Il Mont Ventoux era l’illusione che il Tour de France aspettava

Valentin Paret-Peintre ha vinto la sedicesima tappa del Tour de France 2025 davanti a Ben Healy e dopo un duello pieno di scatti. E in Privenza, Tadej Pogacar e Jonas Vingegaard sono tornati a essere una simbiosi

Quando a quattordici chilometri dalla cima del Mont Ventoux Enric Mas si è girato per sincerarsi se fosse rimasto qualcuno alla sua ruota, ha visto gli anni che si è lasciato alle spalle colmi di grandi speranze e moltissime illusioni andate a male. Erano tutti lì, accanto alle sagome di Julian Alaphilippe e Thymen Arensman.

Gli alberi ancora disegnavano ghirigori d’ombra sull’asfalto provenzale racconciato alla bene e meglio dal bitume. Ombre che sembravano quelle che avevano seguito l’incedere ciclistico dello scalatore che avrebbe dovuto riportare la bandiera spagnola a sventolare sul gradino più alto del podio di una grande corsa a tappe.

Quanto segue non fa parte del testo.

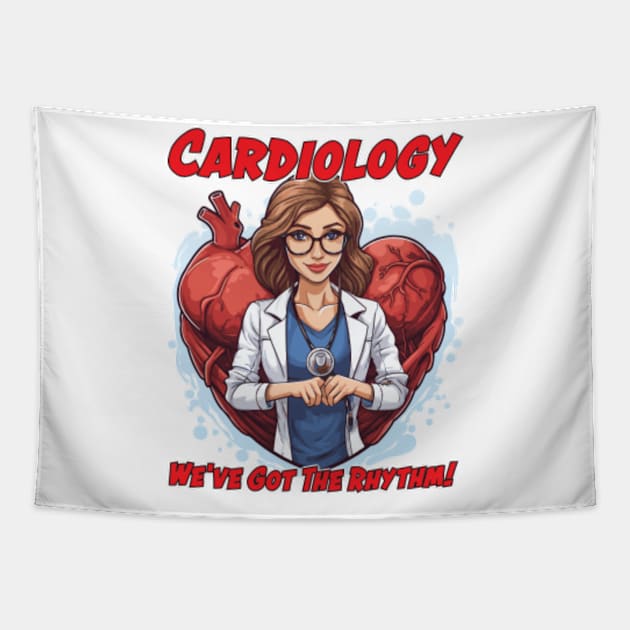 Cardiologist Caricature Gift for Medical Doctor - We've Got The Rhythm! Tapestry by VEKULI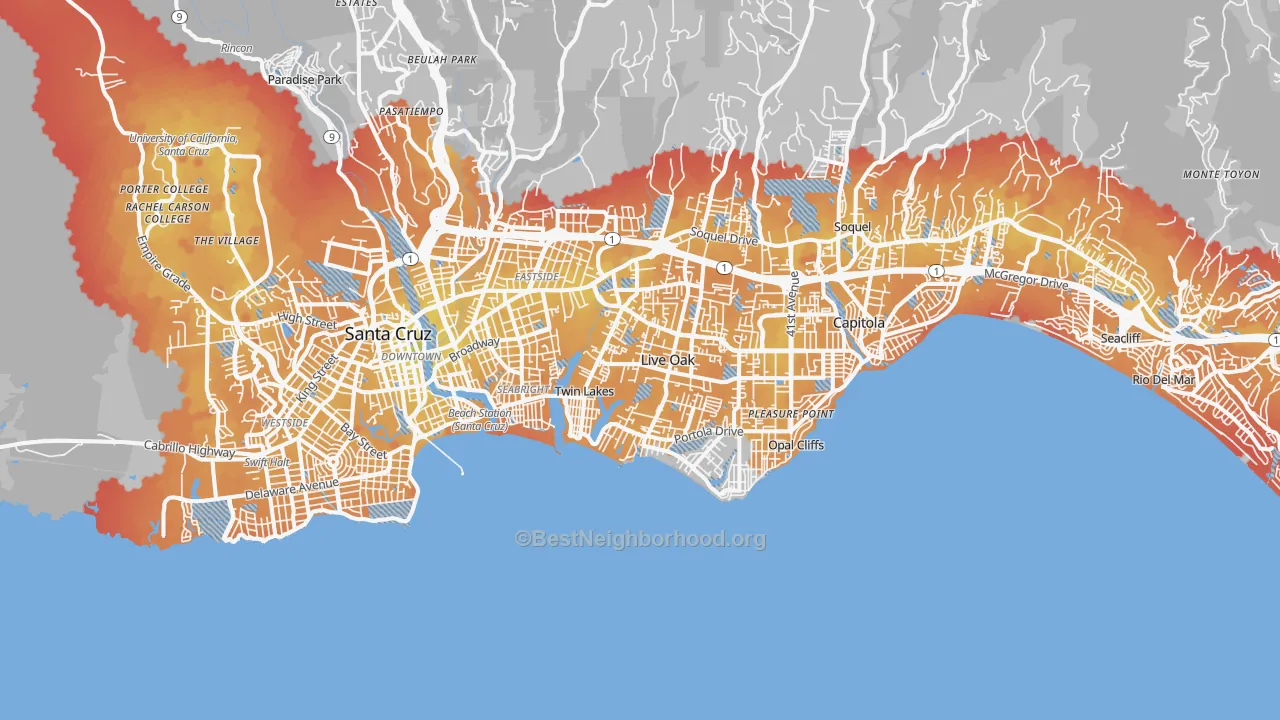 Transit Grade map of 95062, CA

Il Mont Ventoux è un monte che a un certo punto però fa a meno della vegetazione, si trasforma in una distesa di pietre, le ombre spariscono, rimane solo il sole a battere sulla testa e sulla schiena dei corridori. E così Enric Mas si è ritrovato senza qualcosa da cui fuggire. È stato ringhiottito dalle sue di ombre. Ben Healy e Valentin Paret-Peintre lo hanno prima raggiunto e poi staccato, lasciandolo solo con i suoi sogni incompiuti.

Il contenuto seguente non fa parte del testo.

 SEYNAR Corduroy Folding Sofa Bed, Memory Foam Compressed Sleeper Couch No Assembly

Hanno accelerato la salita Ben Healy e Valentin Paret-Peintre. Il primo partiva e il secondo inseguiva, il secondo ripartiva e il primo lo riprendeva. Si sono guardati, si sono studiati, cercavano una solitudine che facevano fatica a trovare. L’hanno cercata a lungo, hanno rischiato di farsi beffare dal rientro cattivo e determinato di Santiago Buitrago e Ilan van Wilder. Si sono però ripresi la scena sotto l’osservatorio astronomico. Una volata lunghissima, vinta danzando sui pedali da Valentin Paret-Peintre.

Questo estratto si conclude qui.